October 12, 2009 · Musings, Technology

Quite a few T-Mobile subscribers are steaming after a recent meltdown of the infrastructure supporting the Sidekick mobile phone, culminating in a dire warning: keep your device powered at all times and do not restart them, or lose all of your data. Apparently Microsoft/Danger, the phone’s developer and data service maintainer, screwed up translating the Mayan calendar, because The End as We Know It isn’t for a few more years.

It’s a classic datacenter horror story — a hardware and/or software failure corrupts data, but by the time it’s noticed, it’s too late; recent backups are toast. Or, to make matters worse, the backups are overwritten so often that there isn’t a backup to restore from. Oh wait, your idea of backups was ten racks of matching RAID-10 SANs to match the ten racks where the production data is stored? Silly rabbit, RAID is for redundancy!

The news coverage keeps calling the Sidekick infrastructure “cloud computing,” that “Web 2.0″ term that’s all about “software as a service” and “thin clients.” One of the cool features of cloud computing is the ability to run applications on the server side — instead of a mail client, word processor, or Photoshop installed on your computer, just hop onto any computer with a browser (though you may need a plugin like Flash here or there) and log on to mail.google.com, officelive.com, or photoshop.com. The application, the data, the processing are all handed “in the cloud,” i.e. through some Internet-facing infrastructure that you only know as the domain name. To you, the user, it doesn’t matter whether they have hundreds of homogenous servers and you’re sitting on (for example) mail1420.google.com versus mail3293.google.com, or if they have separate clusters of application and data servers with clearly-defined tasks; you’re asking for the service, nothing more.

Say it with me: Sidekick is not cloud computing. Never has been, never will. You aren’t free to access it from any Internet-enabled device, which goes against the whole concept of cloud computing being more flexible for the user. So stop calling it a failure of cloud computing.

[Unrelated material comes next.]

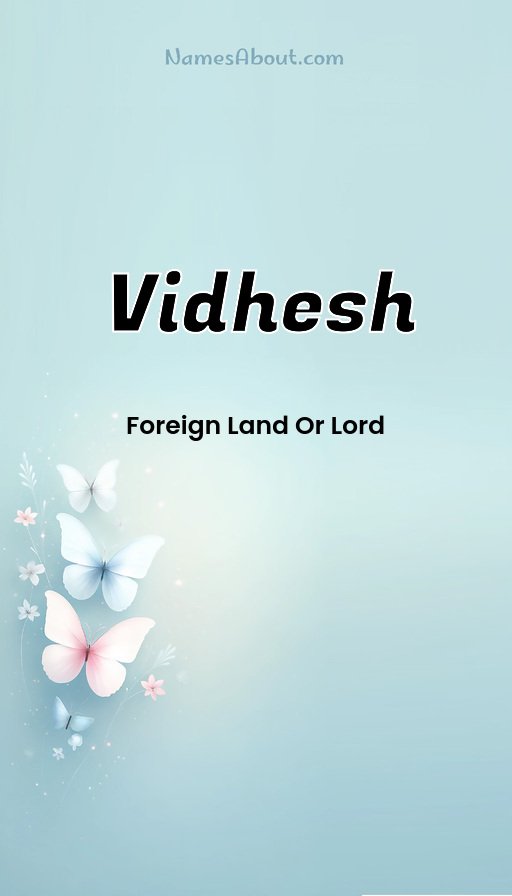 Meaning of Vidhesh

Where does the blame fall, then? Certainly on Microsoft/Danger, but for a shoddy backup system. As cited in an earlier example, the data corruption would have forced the customer to accept a week-old backup — not acceptable, but at least they could offer a backup. It’s not clear what happened, and Microsoft engineers have told T-Mobile there is an “optimistic” chance of recovery for their users’ data according to The New York Times, but if your first response to a data corruption problem is “I think all of our backups are screwed,” then as the meme goes: Backups, ur doin it wrong. And stop blaming it on the cloud; it wasn’t the one who kicked your kitten and flipped bits on the fiber channel switch.

(By the way, T-Mobile is showing the Sidekick as temporarily out of stock. How surprising.)